Local media have reported that at least one of the survivors was in the bathroom during the shooting. The survivor reportedly called her sister and told her, "My boss is dead."
The suspected shooter was fired from the company in April, Orange County Sheriff Jerry Demings said at a news conference Monday morning. There's no indication that he had ties to "any subversive type organization" or terrorist group, Demings said, and authorities believe the shooting was "likely a workplace violence incident."
The sheriff said the former employee had a minor criminal record and that police had visited Fiamma Inc. several years ago after a call that involved the shooter today. Demings added that the suspect "allegedly battered another employee" in that incident but no charges were ultimately filed.
The suspect reportedly returned to his former workplace armed with a handgun and knife. He "shot five innocent people this morning and then turned the gun on himself," Demings said.

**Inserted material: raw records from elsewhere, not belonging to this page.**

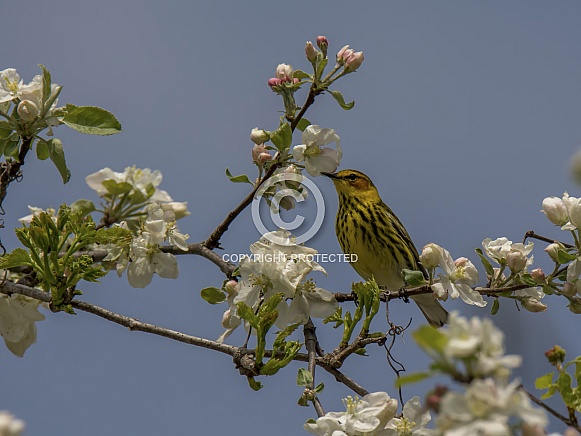 Cape May Warbler Cape May Warbler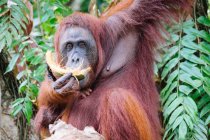 Orang utan mangeant de la noix de coco accroché à un arbre regardant la caméra — Photo de stock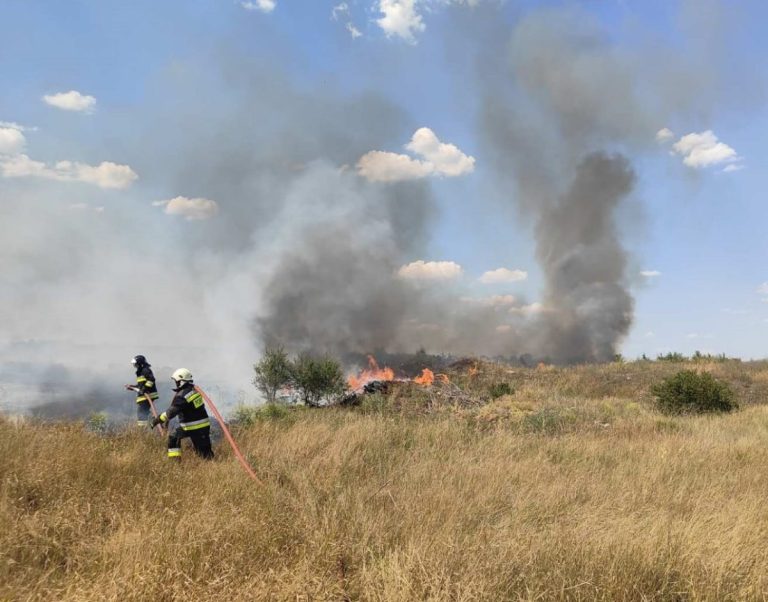 Alarmant! 34 de incendii de vegetație în 24 de ore și 120 de ha distruse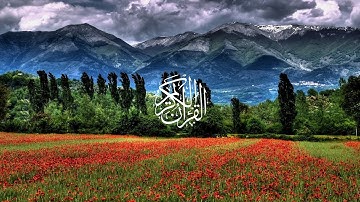 وديع اليمني - سورة يوسف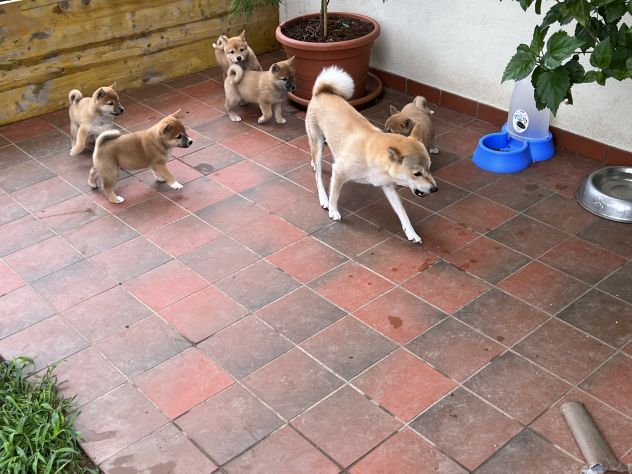 Cuccioli di Shiba Inu - Foto 4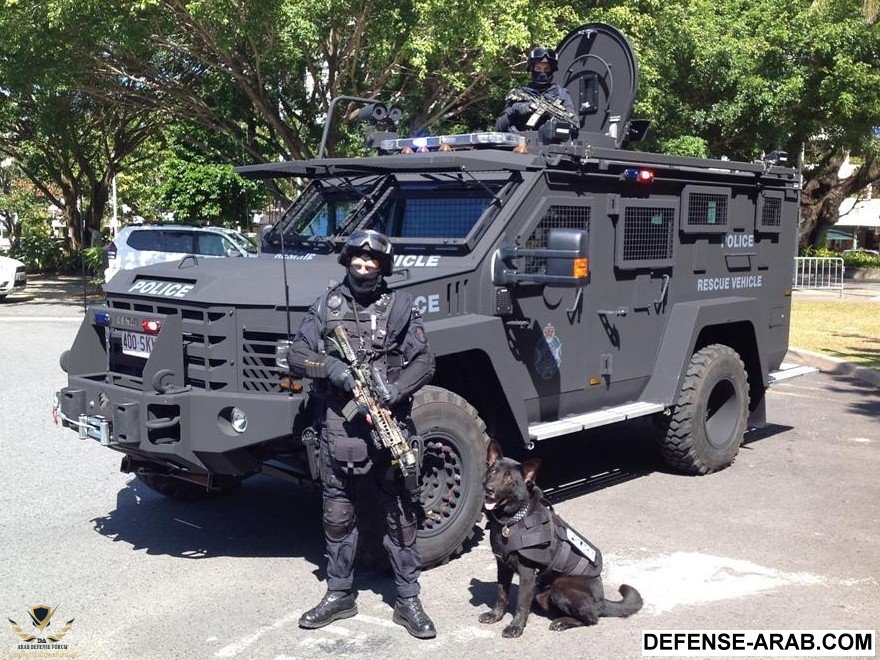 Vader-Sert-Bearcat.jpg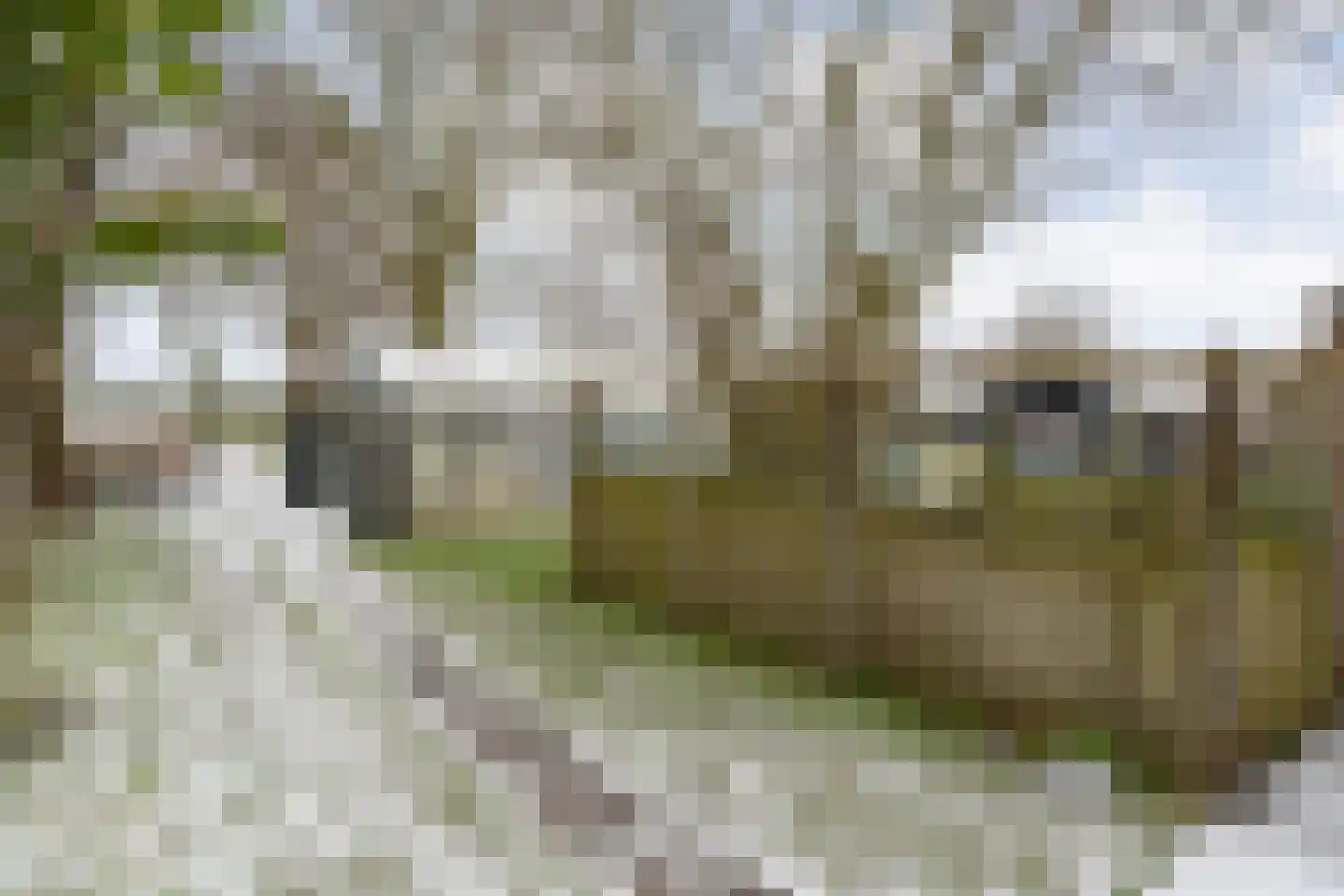 Oosterdiep WZ 191 Emmer-Compascuum thumbnail 68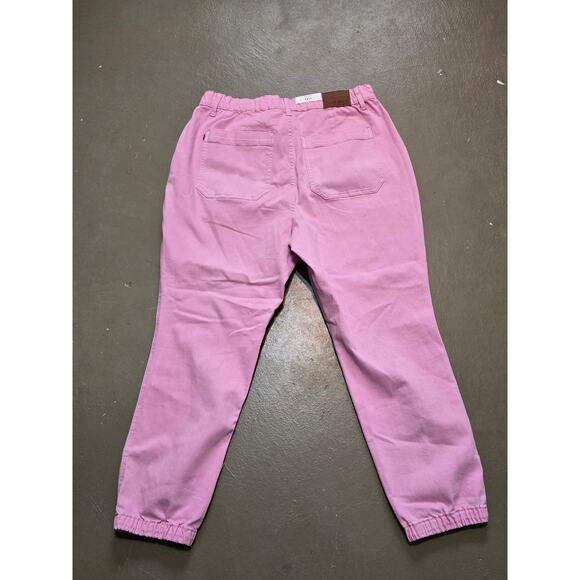 NWT‎ Judy Blue High Rise Garment Dyed Jogger Jeans in Pink Women's Size 16W - Picture 4 of 7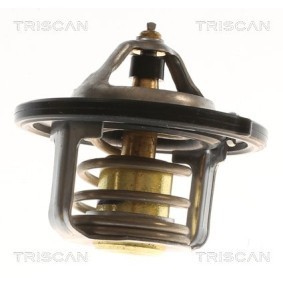 Kühlwasserthermostat 8620 55888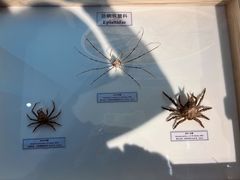 -中国湿地博物馆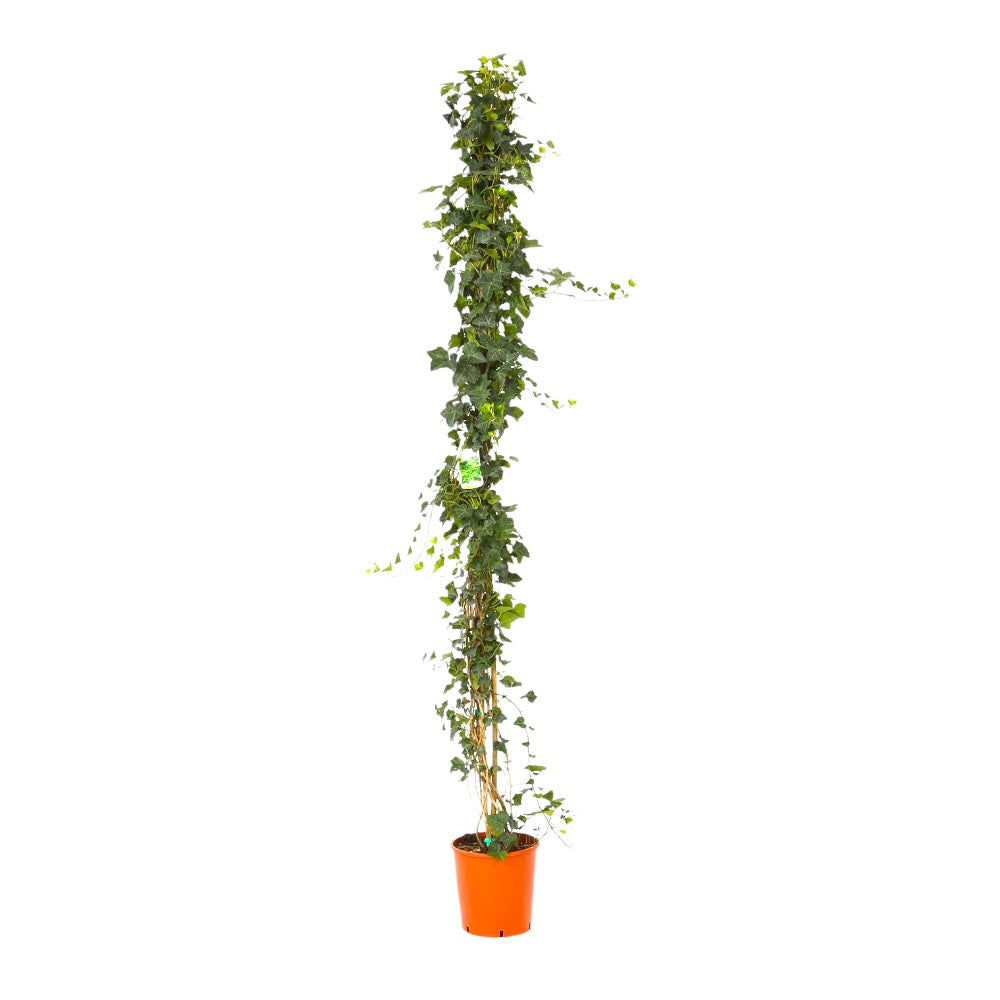 Pianta di HEDERA VERDE rampicante vaso 16 cm FOTO REALE rampicanti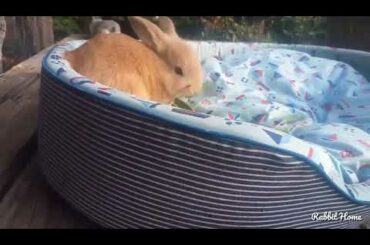 กระต่ายน้อย สนุกกับที่นอนใหม่ Baby rabbits and their new bed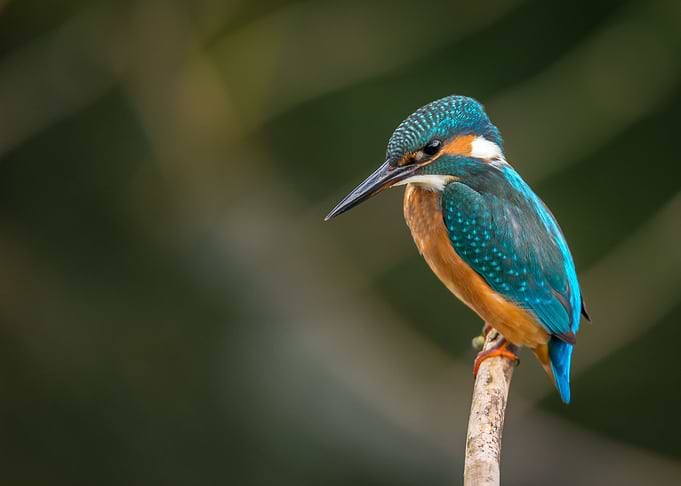 Majestic Bird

Fiamma is an Italy-based manufacturer of accessories for motor vehicles.
Authorities have not released the identity of the suspected shooter or the victims. Another press conference was scheduled for 1 p.m. ET.
Almost a year ago, an attack at a gay nightclub in Orlando left 49 people dead, in the deadliest mass shooting in modern U.S. history.
Florida Gov. Rick Scott referenced the Pulse shooting in a statement Monday, saying, "Over the past year, the Orlando community has been challenged like never before. ... I ask all Floridians to pray for the families impacted by this senseless act of violence."
Orange County Mayor Teresa Jacobs told reporters that "certainly the situation here appears to be very different from the situation at Pulse. ... I will just say what I said earlier, I would ask our citizens if you see something that troubles you, please go the extra mile, make the call."